How to Create the Best Billboard Ads

Author: Bob Lausten
Posted: Oct 1, 2015

Topics: Copywriting

In print advertising, headlines are critical. They’re the bait. They grab your attention, and once you’re hooked, the body copy begins reeling you in with product or brand benefits, Unique Selling Propositions (USPs), reasons to change your behavior and so on. After this, either the fishing line breaks and you’re off the hook, or the CTA brings you aboard the boat and throws you into an ice-filled Styrofoam cooler marked “sold.”

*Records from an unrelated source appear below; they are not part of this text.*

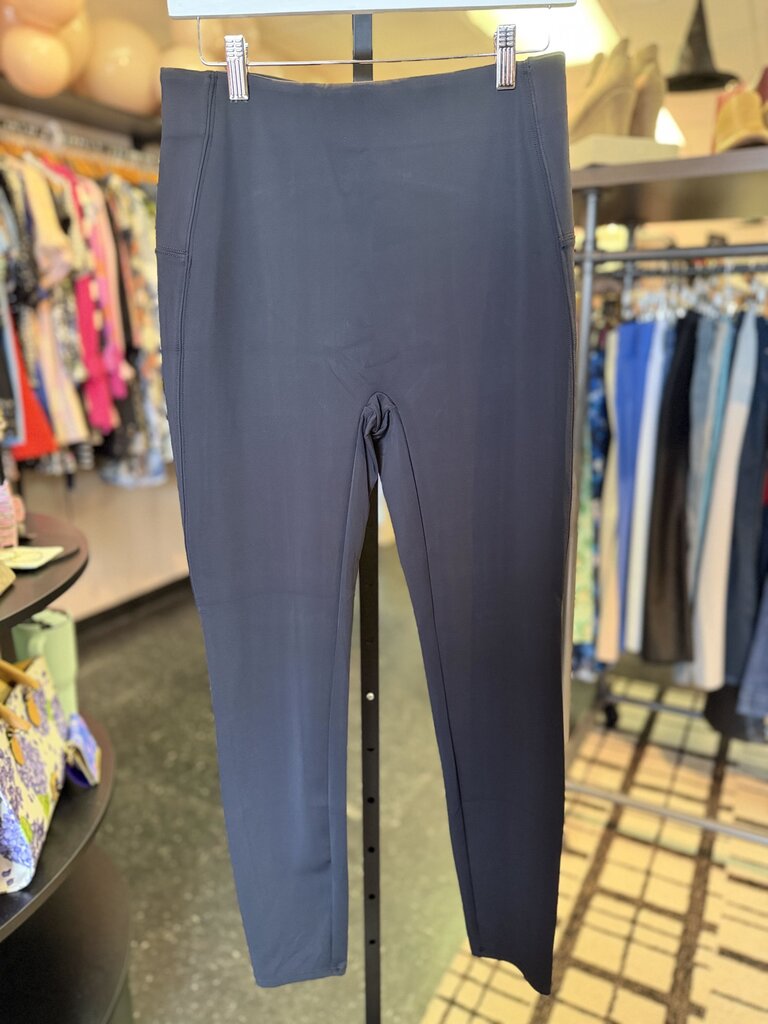 SPANX - Scuba Legging in Black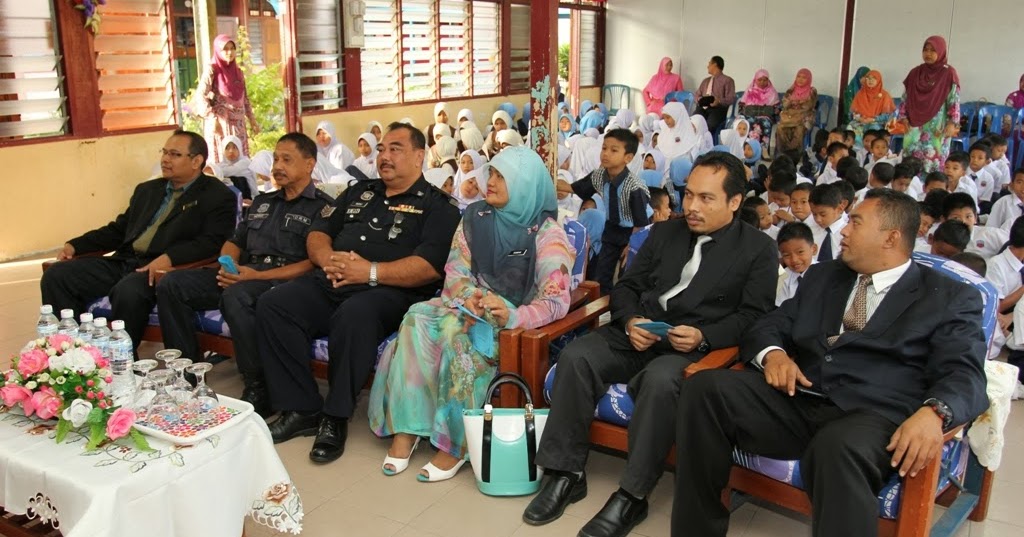 Penolong Ketua Kelas In English : Penolong pegawai tadbir n29 stor;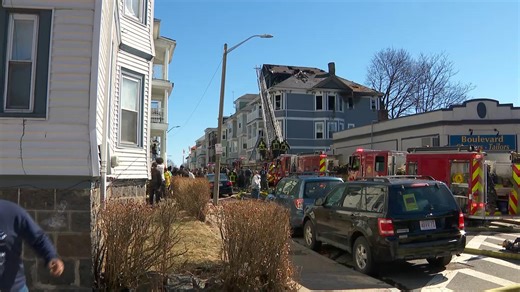 1 firefighter hurt battling wind-whipped fire in Boston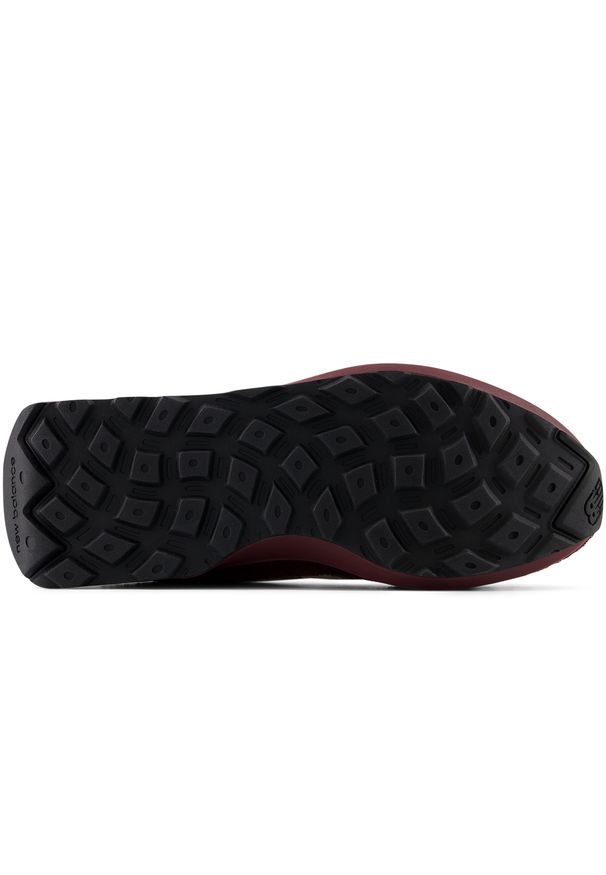 Buty unisex New Balance U370PA – bordowe. Kolor: czerwony. Materiał: skóra, zamsz. Szerokość cholewki: normalna. Sezon: lato
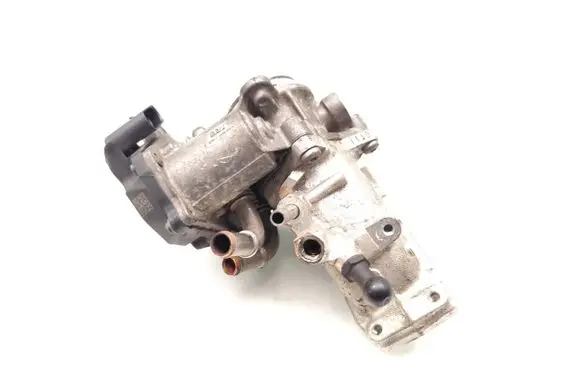 Skoda Octavia Mk2 (1Z) Electric throttle body valve 04L128063T A2C94859900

But that’s print advertising. The process for outdoor advertising? It’s a little different. You have a huge, 672 square-foot canvas to plaster your message onto. That’s a lot of space. That’s like 100 full-page print ads. You can fit a lot of messaging on there.

But your audience is reading it at 70 mph.

Or even faster in southern Texas.


So your time is limited. On a billboard, the headline, body copywriting and CTA are all rolled up into one short, concise little ditty. And if they’re not, they should be. It’s a Billboard. Not a Williamboard.

If print advertising is like fishing, outdoor advertising is like spearfishing. You’ve got one shot to hit the audience with your message. If you want to be effective, you have to be sharp. You have to be powerful. And you have to be quick.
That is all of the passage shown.